Kelly Mullins posted a photo showing a large truck barely making it through the tight lanes.
"The wide zone truck was in the middle, the cars were getting pigeonholed on barrier side or the barrier side to the right," said April Beckman, a mortgage contractor in the Lake Norman area.
She's on the road a lot.
"I'm concerned for myself; I’m concerned for my friends and my family traveling on the interstate of late," she said.
She and other drivers said they're white-knuckling it every time the lanes get narrow in the I-77 construction zone just north of uptown Charlotte.
"Something is going to happen at some point," Mullins said.
On Interstate-77, near the Tryon Exit, the lanes are not only narrower it's also hard to tell where the lines are.
"There are dark lines, there are gray lines, quasi white lines, and then all of a sudden they change," she said.
And with ruts in the road Beckman said there's not much room for error.
"I don't care if you have an older car, a newer car. The grooves swerve the cars. The tires get into a groove and veer off slightly. It's a slight movement when the lanes are only 11 or 11 and a half feet wide, and the lanes are not marked properly, it's huge," she said.
NCDOT said the standard width for lanes on the highway is 12 feet, but there is no legal minimum width, according to the department.
Sugar Creek Construction said the "travel lanes in the work zone can be reduced to 11 feet per state provisions."
FOX 46 Charlotte also asked for the company to specifically address drivers' concern about the narrowness of the lanes.

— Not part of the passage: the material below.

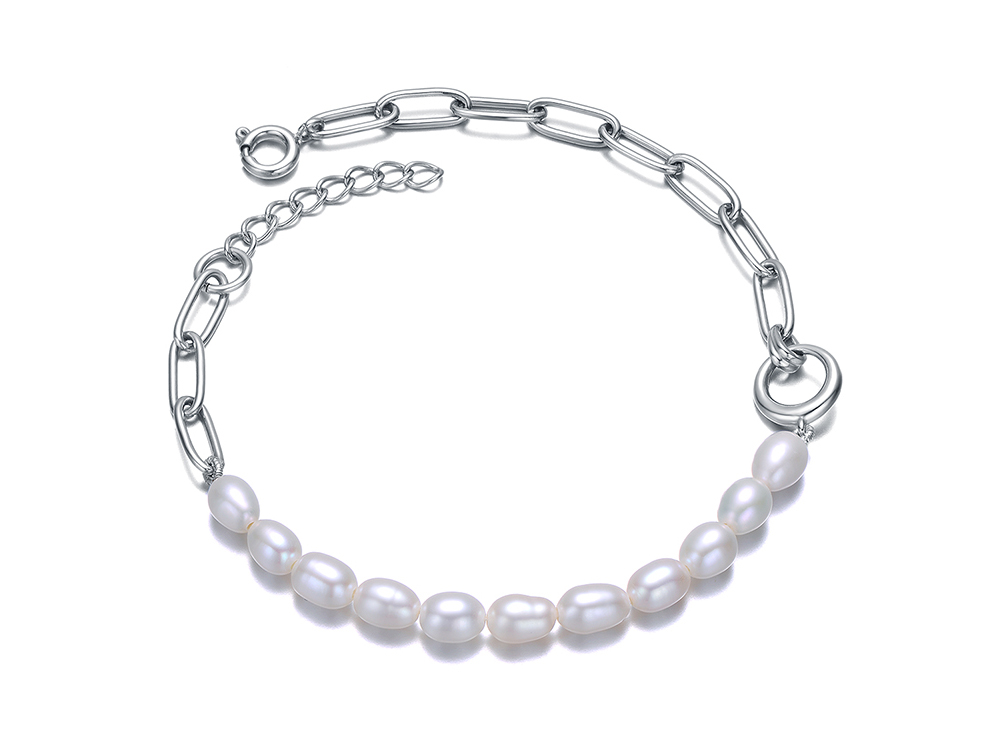 Pulsera de perlas de agua dulce y cadena de acero inoxidable para mujer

To that they sent the same statement they've emailed us in the past:
“Motorists are encouraged to use extra caution when approaching the work zone, obey the posted speed limit and work zone signs, and allow extra time to reach their destinations safely.”
NCDOT said the lanes are narrower due to the concrete barriers which protect both drivers and workers.
The department said it's still looking into NC Senator Tarte's request to require trucks drive in the right lane in the construction area.